He stared; he may even have gaped. ‘Eulalia?’ They both stood up and hugged each other. ‘Kit! After all these years. How long has it been?’

  ‘Eleven years?’

  ‘Eleven years.’ They parted and she put her hands on his arm, holding him at arm’s length so she could look him up and down. ‘And look at you now. Quite the young gentleman.’

  ‘And look at you. A friend of mine pointed you out to me earlier as Mrs Fairbody. I never guessed for a moment that it was you.’

  ‘Tush! And after you told me that you’d love me for ever.’

  He held up a hand. ‘I refuse to be held accountable for anything I said below the age of twelve. I was still a minor, don’t forget. Anyway, you were the one who got married.’

  ‘Only after you ran away to sea.’

  After the deaths of his parents, Killigrew had been raised in the austere environment of Killigrew House under the stern eye of his grandfather. Rear-Admiral Killigrew had never approved of his son marrying a foreigner, and to him Kit was the product of that unnatural union. If he could have left the care of his grandson to the Naval Benevolent Society he would have done, but there was no question that the society could be lumbered with one more orphan when the child had a well-off grandparent still living.
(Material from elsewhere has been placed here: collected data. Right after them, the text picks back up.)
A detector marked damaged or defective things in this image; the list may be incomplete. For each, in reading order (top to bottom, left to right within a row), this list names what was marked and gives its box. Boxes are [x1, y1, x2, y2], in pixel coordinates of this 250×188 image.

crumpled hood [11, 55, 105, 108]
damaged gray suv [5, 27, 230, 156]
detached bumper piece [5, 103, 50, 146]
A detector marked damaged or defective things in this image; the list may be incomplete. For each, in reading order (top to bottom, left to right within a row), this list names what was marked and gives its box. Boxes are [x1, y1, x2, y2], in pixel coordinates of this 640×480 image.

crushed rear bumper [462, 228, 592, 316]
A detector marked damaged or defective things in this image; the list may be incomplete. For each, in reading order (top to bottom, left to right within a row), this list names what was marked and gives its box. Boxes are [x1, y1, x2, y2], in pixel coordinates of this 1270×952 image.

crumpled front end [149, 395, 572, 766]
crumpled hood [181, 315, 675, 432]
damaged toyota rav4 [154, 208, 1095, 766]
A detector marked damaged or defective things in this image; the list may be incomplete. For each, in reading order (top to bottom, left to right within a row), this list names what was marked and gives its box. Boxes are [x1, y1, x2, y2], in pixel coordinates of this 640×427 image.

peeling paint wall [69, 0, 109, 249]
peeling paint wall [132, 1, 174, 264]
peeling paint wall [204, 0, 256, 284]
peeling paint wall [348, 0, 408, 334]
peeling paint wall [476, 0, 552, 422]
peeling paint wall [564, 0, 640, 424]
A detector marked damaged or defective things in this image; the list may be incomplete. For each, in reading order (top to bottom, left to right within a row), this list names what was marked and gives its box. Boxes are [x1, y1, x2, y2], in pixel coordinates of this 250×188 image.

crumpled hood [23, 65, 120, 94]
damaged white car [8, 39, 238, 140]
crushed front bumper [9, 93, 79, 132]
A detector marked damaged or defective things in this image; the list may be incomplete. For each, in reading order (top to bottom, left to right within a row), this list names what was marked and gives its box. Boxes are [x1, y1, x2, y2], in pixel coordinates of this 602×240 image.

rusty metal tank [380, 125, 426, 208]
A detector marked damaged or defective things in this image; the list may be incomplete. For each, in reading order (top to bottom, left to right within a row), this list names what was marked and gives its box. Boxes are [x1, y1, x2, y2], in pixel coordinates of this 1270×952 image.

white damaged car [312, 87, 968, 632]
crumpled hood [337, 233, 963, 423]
  Kit had hated Killigrew House. His grandfather was as much of a martinet in his own home as he was reputed to have been on board his ships, and Killigrew had often been beaten for playing with the children of the local fishermen. Then, shortly before Kit’s fifth birthday, the Comte Duchargny – an impoverished nobleman who had been forced to flee his native land during the terror of the French Revolution – had turned up on the doorstep of Killigrew House offering his services as a private tutor. The Rear-Admiral had accepted, reasoning that an aristocratic tutor was just what was needed to instil discipline in the unruly child, and Kit’s education in all the gentlemanly studies – Greek, Latin, French, fencing and dancing – had commenced.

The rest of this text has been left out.